◆ **Recorded information**

* * * * * * *

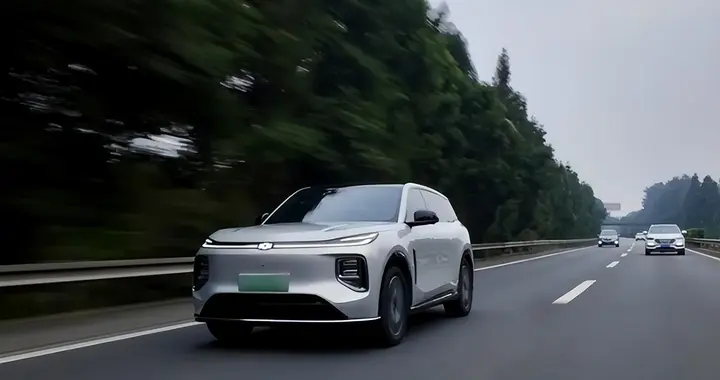 215km纯电续航，启源Q07插混SUV综合续航1400km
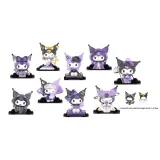 Целая коробка из 8 штук с одним бесплатным значком из той же коллекции, выбранный случайным образом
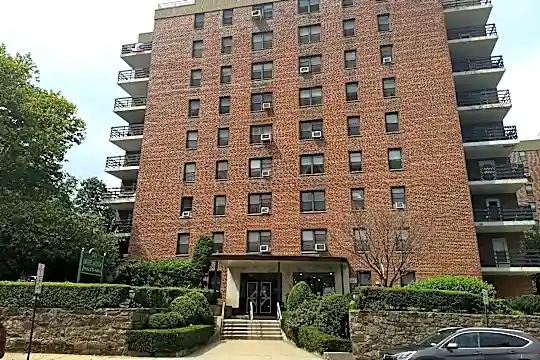 Drake Manor Photo 1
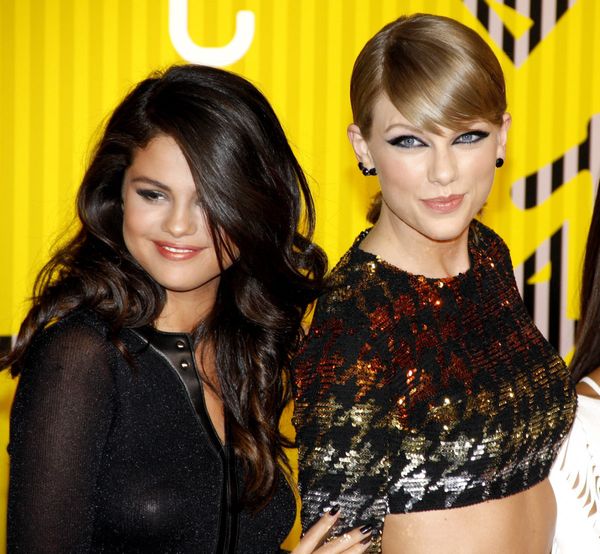Selena Gomez, Taylor Swift Caught Gossiping at the Golden Globes, and People Think They Are Talking About Kylie Jenner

* * * * * * *

◆ **Exercise description**
Your answer must be the lines from the one containing "Целая коробка из" through the last line of the listing above, restated word for word, with no pictures.

◆ **Worked solution**
 Целая коробка из 8 штук с одним бесплатным значком из той же коллекции, выбранный случайным образом
 Drake Manor Photo 1
Selena Gomez, Taylor Swift Caught Gossiping at the Golden Globes, and People Think They Are Talking About Kylie Jenner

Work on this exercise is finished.